Updated: Ann Arbor’s City Seal Ordinance: Less than an hour of legal work (turns into 13 more hours when the city rechecks records)

[Note: A week after this piece was published, the City of Ann Arbor appears to have checked through the city attorney staff electronic time records again. Some additional time records, were found and provided on Dec. 12. The additional records show 13 hours of work that was done on the city seal ordinance before the item was placed on the city council agenda. The first additional entry is Nov. 8, 2018 and the last additional entry is June 8, 2018. The work shown in the additional records was done by staff attorney Matthew Rechtien.]

It’s possible to draw a conclusion about Rechtien’s work that is parallel to the one in the piece below about the 45 minutes of work done by staff attorney Abigail Elias: It appears that in his 13 hours of work Rechtien did not find the legal precedents cited by the ACLU in its letter to the city analyzing the seal ordinance as unconstitutional, or else that Rechtien drew conclusions about the precedents that were different from those of the ACLU.

On July 2, 2018, the Ann Arbor City Council gave final approval to a new ordinance regulating use of the city seal and flag. It was introduced for a first reading at the June 18 council meeting.

Based on the response from the city of Ann Arbor to a request under Michigan’s Freedom of Information Act, it appears that the legal research and drafting of the ordinance by city attorney staff required a total 45 minutes of work before it was placed on the city council’s agenda.

The city’s response to the request under FOIA shows 45 minutes of work done on the topic by assistant city attorney Abigail Elias on Nov. 24, 2017. The only other time log entry for work on the ordinance before its first reading is by Matthew Rechtien on June 16, 2018 (a Saturday), two days after the council’s agenda for June 18 was published. (Council agendas for Monday meetings are published on the preceding Thursday.) Rechtien’s 90 minutes of work is categorized as “review.” The work Elias did six months earlier is classified as “uncoded.”

Based on the new ordinance, the city sent a cease-and-desist letter in an attempt to force the removal of the city seal from a LocalWiki page—a kind of lighthearted take on the Burr Oak tree.

After the cease-and-desist letter was sent, the mayor of Ann Arbor used his discretion under the new ordinance to approve the use of the city seal for the LocalWiki page.

In a letter dated Nov. 1, 2018, the  American Civil Liberties Union told the city of Ann Arbor the ordinance was unconstitutional, because it amount to a prior restraint of free speech.

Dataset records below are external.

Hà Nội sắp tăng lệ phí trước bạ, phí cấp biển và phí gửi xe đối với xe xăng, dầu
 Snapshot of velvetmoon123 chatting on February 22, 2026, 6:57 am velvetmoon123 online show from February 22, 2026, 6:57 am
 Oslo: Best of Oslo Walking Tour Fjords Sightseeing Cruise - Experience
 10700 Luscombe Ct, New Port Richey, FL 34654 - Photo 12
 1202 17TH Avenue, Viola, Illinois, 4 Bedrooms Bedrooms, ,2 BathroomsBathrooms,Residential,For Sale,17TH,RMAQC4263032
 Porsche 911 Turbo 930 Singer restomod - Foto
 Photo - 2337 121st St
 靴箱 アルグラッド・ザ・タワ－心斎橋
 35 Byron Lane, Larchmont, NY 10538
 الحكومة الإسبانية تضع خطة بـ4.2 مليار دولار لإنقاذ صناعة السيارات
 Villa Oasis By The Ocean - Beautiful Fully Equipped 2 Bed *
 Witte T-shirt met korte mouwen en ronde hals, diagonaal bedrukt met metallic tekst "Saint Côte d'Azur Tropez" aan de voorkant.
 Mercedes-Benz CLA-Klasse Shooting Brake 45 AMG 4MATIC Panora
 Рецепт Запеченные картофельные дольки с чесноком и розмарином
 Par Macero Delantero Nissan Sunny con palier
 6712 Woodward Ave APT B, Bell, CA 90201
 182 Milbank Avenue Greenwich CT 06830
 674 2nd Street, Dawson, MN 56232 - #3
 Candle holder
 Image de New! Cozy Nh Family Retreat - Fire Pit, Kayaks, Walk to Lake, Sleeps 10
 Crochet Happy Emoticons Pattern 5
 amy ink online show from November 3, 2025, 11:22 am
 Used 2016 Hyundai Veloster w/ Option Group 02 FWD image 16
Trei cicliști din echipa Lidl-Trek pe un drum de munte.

The ACLU said the city attorney should disavow any attempt to enforce the ordinance and that the city council should repeal it.

The letter from the ACLU cites several federal cases bearing on the topic of government seals. It appears that either Elias did not find the precedents cited by the ACLU in her 45 minutes of work, or that Elias drew conclusions about the precedents that were different from those of the ACLU.

The city’s response to the FOIA request for time records also shows some work after the ordinance was passed, likely related to enforcement activity. From the time the city seal ordinance was passed up to now, the city attorney time logs show that work on on the city seal law by city legal staff (by Rechtien and Betsy Blake) has totaled 12 hours.